Kur’ân-ı kerîmi hatmederken riâyet edilecek en güzel düstûr,
Peygamber efendimizin (sallallahü aleyhi ve sellem) düstûrudur. Resûl-i ekrem
bir hadîs-i şerîfte; “Kim, Kur’ân-ı kerîmi üç günden daha az zamanda
okursa, o, Kur’ân-ı kerîmi anlamaz” buyurdu. Çünkü üç günden evvel hatim
yapılırsa, Kur’ân-ı kerîmin tertîli (tecvîd üzere okunması) kaybolur. Bu
sebeble, Eshâb-ı kirâmın bir kısmı, Kur’ân-ı kerîmi bir haftada hatmederlerdi.
Hazreti Osman, Zeyd bin Sabit, İbn-i Mes’ûd, Übey bin Ka’b bu Sahâbilerdendir.

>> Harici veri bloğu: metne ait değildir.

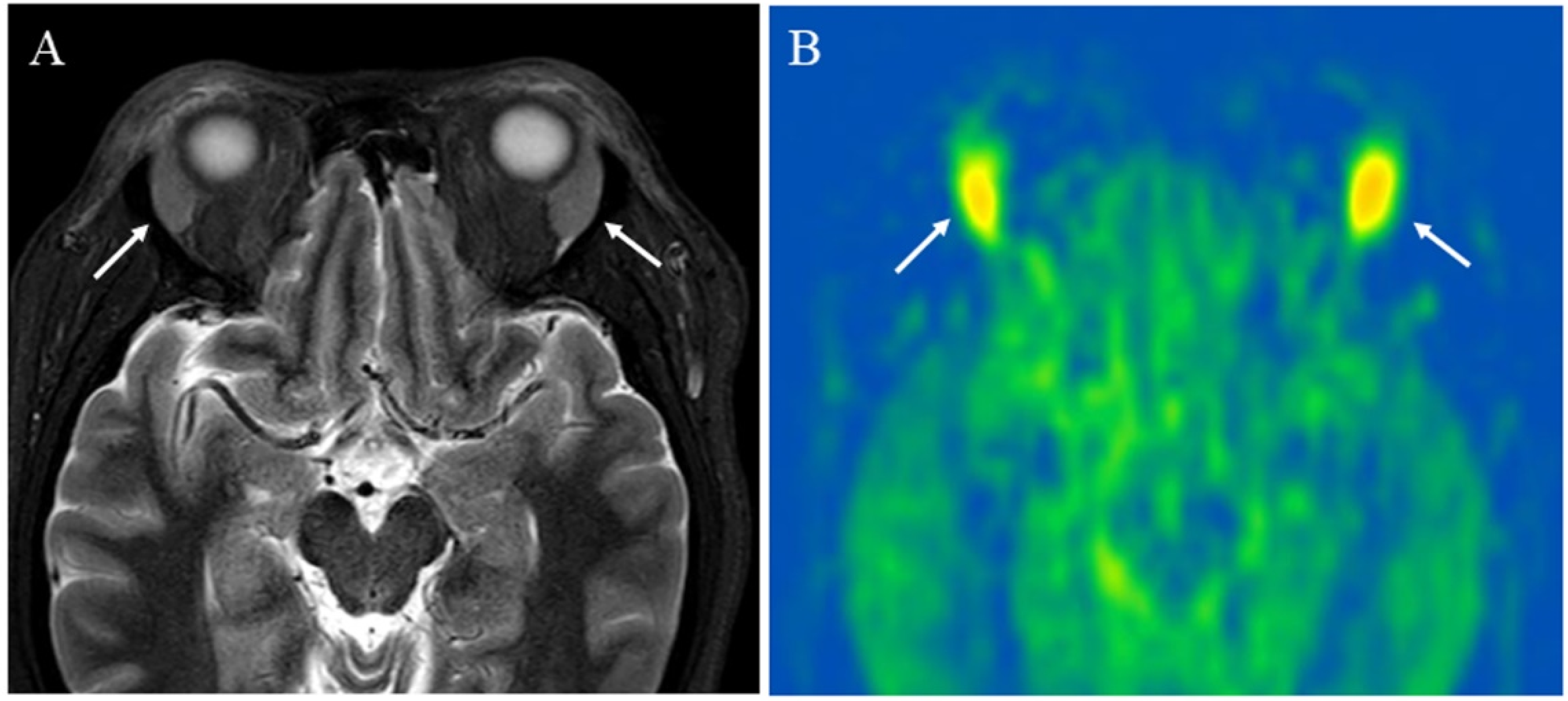 Cancers 14 03872 g005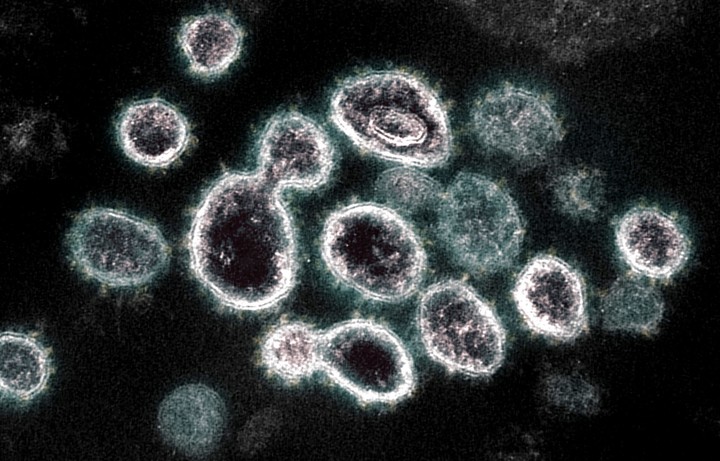 Una imagen del virus del Covid en un microscopio electrónico. Foto: AFP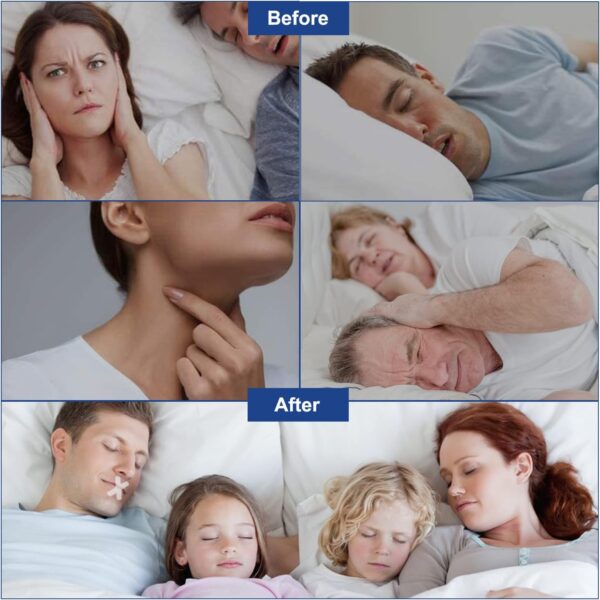 Mouth Tape For Sleeping 120 Pcs Mundkleber Nacht Mundpflaster Schlafen Schnarchpflaster Und Anti Schnarch Pflaster Schnarchstopper Mund Tape Schlaf für Schnarchen Verhindern Besser Schlafen Und Atmen – Bild 8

Bunlar, Kur’ân-ı kerîmi yedi bölüme ayırmışlardır. Birinci bölüm; Bekâra’dan
En’âm’a kadar, ikinci bölüm; En’âm’dan Yûsuf sûresine kadar, üçüncü bölüm;
Yûsuf sûresinden Tâhâ sûresine kadar, dördüncü bölüm; Tâhâ sûresinden Ankebût
sûresine kadar, beşinci bölüm; Ankebût’tan Zümer sûresine kadar, altıncı bölüm;
Zümer’den Vâkıa sûresine kadar, yedinci bölüm de, Vâkıa’dan Kur’ân-ı kerîmin
sonuna kadar idi.
Onlar, Kur’ân-ı kerîme cuma gecesi başlar, perşembe gecesi
bitirirlerdi. Kur’ân-ı kerîmi tertîl ile yavaş ve güzel, (tecvîde uygun)
okumalıdır. Bu, tefekküre vesîledir. Tefekkür ise, tazim ve hürmete vesile
olur. İbn-i Abbâs (radıyallahü teâlâ anhüma) buyurdu ki: “Bekâra ve Âl-i İmrân
sûrelerini, tertil ile ve düşünerek okumam, tertîle riâyet etmeden bütün
Kur’ân-ı kerîmi okumamdan daha hayırlıdır.”
Kur’ân-ı kerîmi ağlayarak okumalıdır. Böyle okumak
müstehabdır. Resûlullah efendimiz bir hadîs-i şerîfte; “Kur’ân-ı kerîmi
okuyunuz ve ağlayınız. Eğer ağlayamazsanız, ağlamaya çalışınız” buyurdu.
Sâlih el-Mürrî şöyle anlattı: “Bir gece rüyâmda,
Resûlullahın huzûrunda Kur’ân-ı kerîmi hatim ettim. Resûlullah bana, “Ey Sâlih!
Kur’ân-ı kerîmi okudun, fakat gözyaşın hani?” buyurdular.